Data section:
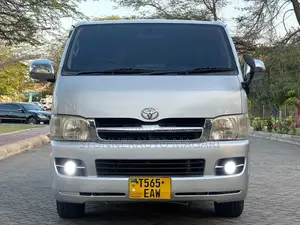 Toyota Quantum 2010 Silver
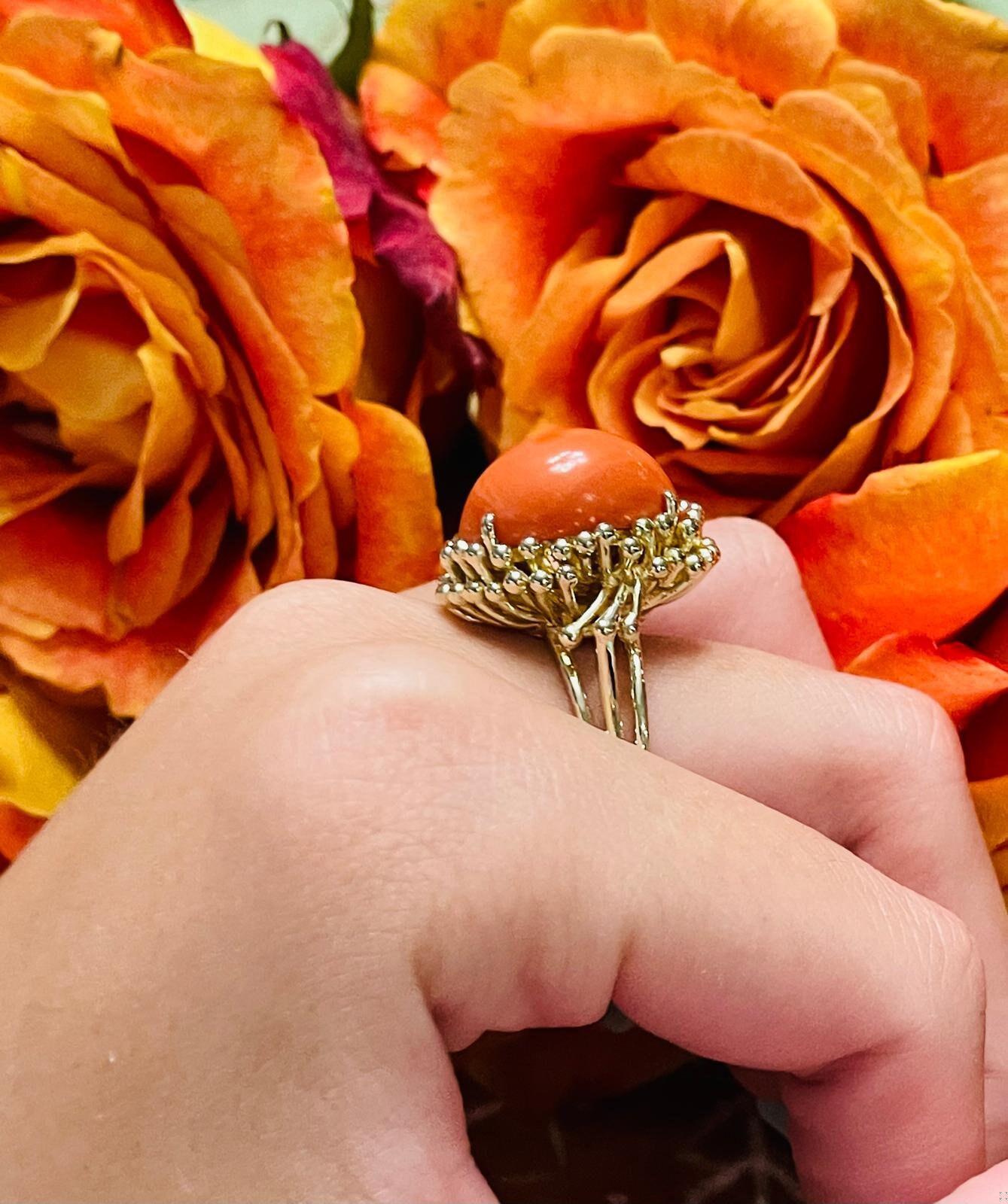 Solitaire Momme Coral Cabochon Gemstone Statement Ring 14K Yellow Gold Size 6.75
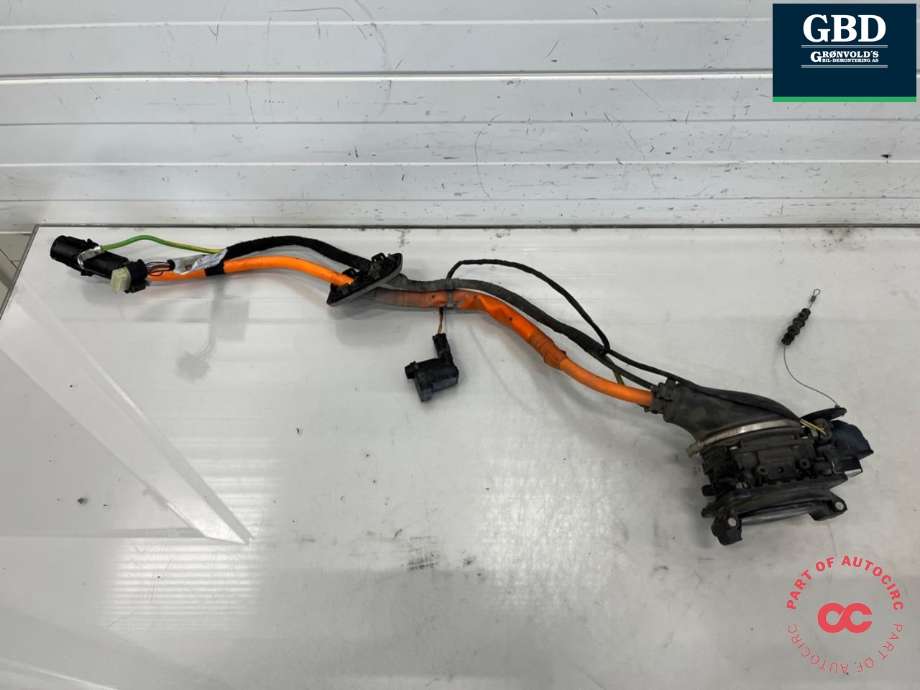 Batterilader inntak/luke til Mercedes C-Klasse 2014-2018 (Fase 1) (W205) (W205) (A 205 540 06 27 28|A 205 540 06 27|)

What is being asked: Repeat the listing exactly; do not print any picture.

Exercise output:
 Toyota Quantum 2010 Silver
 Solitaire Momme Coral Cabochon Gemstone Statement Ring 14K Yellow Gold Size 6.75
 Batterilader inntak/luke til Mercedes C-Klasse 2014-2018 (Fase 1) (W205) (W205) (A 205 540 06 27 28|A 205 540 06 27|)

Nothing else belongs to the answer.